**LISTED RECORDS:**
——

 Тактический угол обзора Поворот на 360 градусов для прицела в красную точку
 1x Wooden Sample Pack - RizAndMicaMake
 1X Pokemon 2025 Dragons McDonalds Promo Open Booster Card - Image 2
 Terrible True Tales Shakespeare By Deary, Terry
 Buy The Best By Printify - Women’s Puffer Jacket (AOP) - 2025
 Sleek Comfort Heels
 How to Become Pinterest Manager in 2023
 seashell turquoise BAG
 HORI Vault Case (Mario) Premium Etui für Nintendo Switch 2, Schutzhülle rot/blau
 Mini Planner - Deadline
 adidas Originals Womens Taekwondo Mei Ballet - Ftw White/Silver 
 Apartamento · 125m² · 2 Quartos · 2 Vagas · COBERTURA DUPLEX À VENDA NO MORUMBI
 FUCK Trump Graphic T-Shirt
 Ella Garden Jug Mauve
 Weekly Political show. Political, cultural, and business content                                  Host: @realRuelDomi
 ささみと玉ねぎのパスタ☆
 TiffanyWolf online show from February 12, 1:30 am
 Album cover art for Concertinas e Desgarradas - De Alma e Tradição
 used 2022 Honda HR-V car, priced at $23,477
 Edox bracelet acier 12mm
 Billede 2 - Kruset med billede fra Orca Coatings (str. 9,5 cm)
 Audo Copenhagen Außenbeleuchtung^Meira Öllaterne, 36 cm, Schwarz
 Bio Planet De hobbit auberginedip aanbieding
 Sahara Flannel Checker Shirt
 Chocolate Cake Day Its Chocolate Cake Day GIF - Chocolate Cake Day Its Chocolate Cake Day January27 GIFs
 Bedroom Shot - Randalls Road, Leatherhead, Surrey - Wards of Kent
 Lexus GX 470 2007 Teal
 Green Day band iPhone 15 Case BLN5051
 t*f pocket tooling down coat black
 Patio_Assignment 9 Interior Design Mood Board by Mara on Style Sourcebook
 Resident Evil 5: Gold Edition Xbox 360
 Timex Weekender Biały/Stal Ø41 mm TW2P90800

——

**YOUR GOAL:**
Nothing but the lines from the top of the records down to the line with "How to Become Pinterest Manager in 2023" belongs in the answer; repeat them exactly.

**RESULT FOR THIS EXERCISE:**
 Тактический угол обзора Поворот на 360 градусов для прицела в красную точку
 1x Wooden Sample Pack - RizAndMicaMake
 1X Pokemon 2025 Dragons McDonalds Promo Open Booster Card - Image 2
 Terrible True Tales Shakespeare By Deary, Terry
 Buy The Best By Printify - Women’s Puffer Jacket (AOP) - 2025
 Sleek Comfort Heels
 How to Become Pinterest Manager in 2023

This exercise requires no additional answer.